Every line from the one containing "1626 S Rimpau, Los Angeles, CA 90019" to the end of the records below should be returned exactly; pictures are to be dropped.
START EXTRACTED DATA
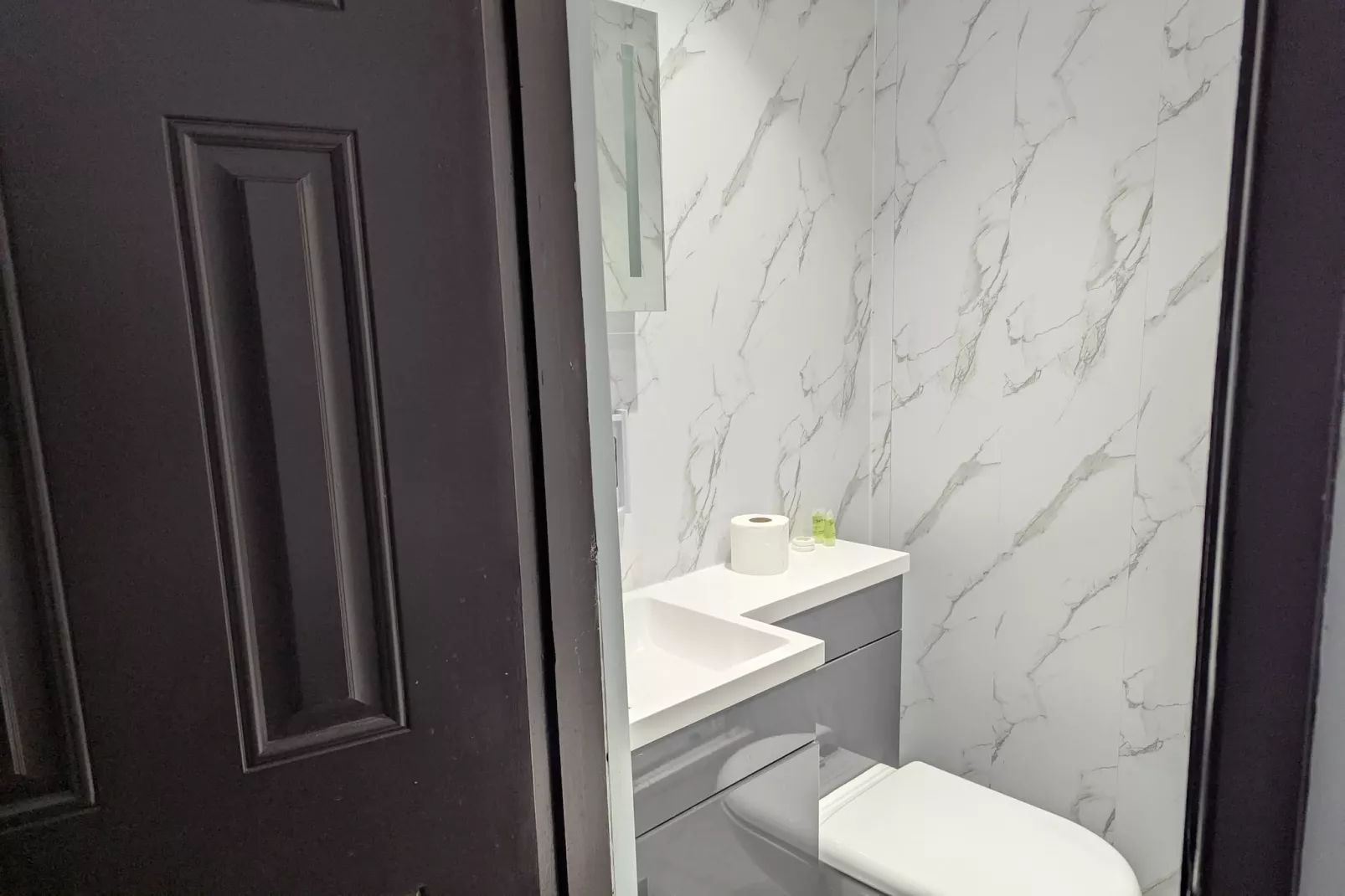 Firs Sta Single-Badkamer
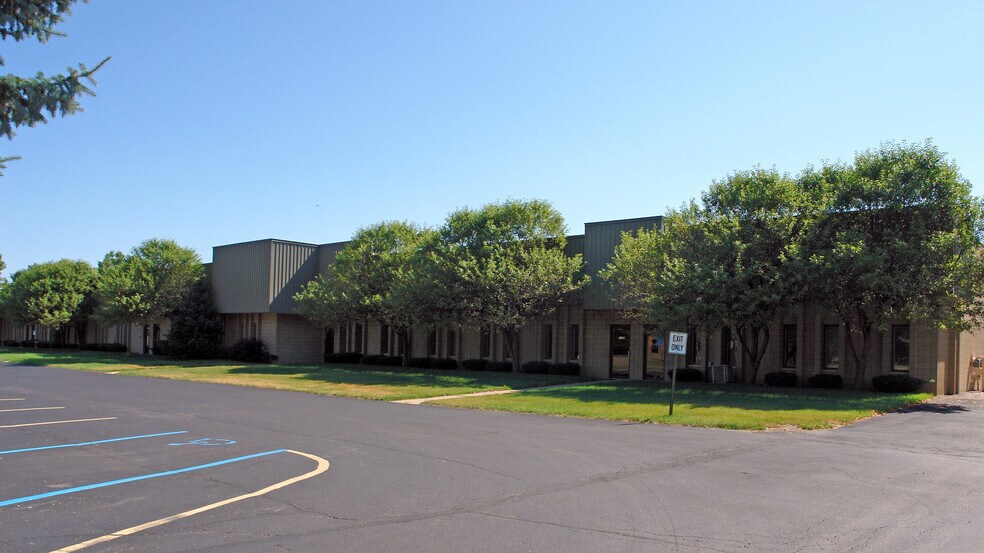More Photos Of 3160 Martin Rd, Commerce Township Industrial For Lease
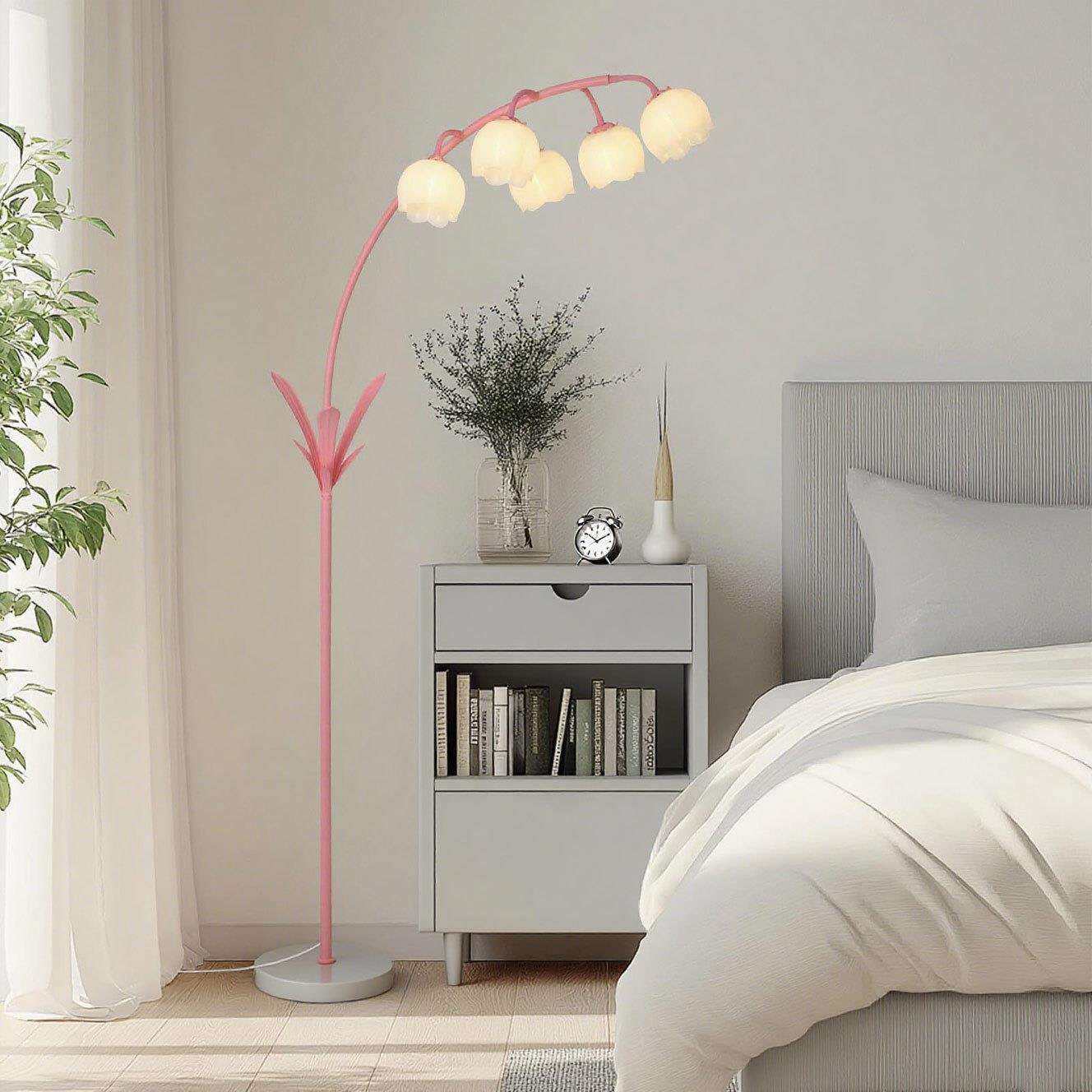 跨境新款奶油风田园客厅落地灯铃兰花美式粉红色花朵灯女孩房间灯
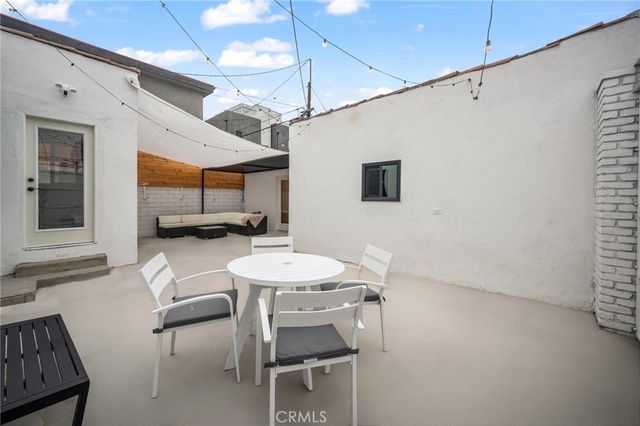 1626 S Rimpau, Los Angeles, CA 90019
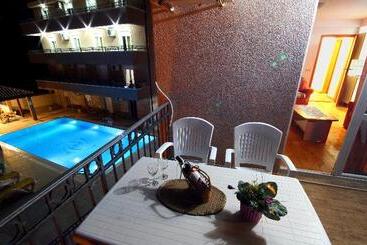 آپارتمانهای توریستها Apartments Grand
END EXTRACTED DATA
SOLUTION TO THE PROBLEM |
 1626 S Rimpau, Los Angeles, CA 90019
 آپارتمانهای توریستها Apartments Grand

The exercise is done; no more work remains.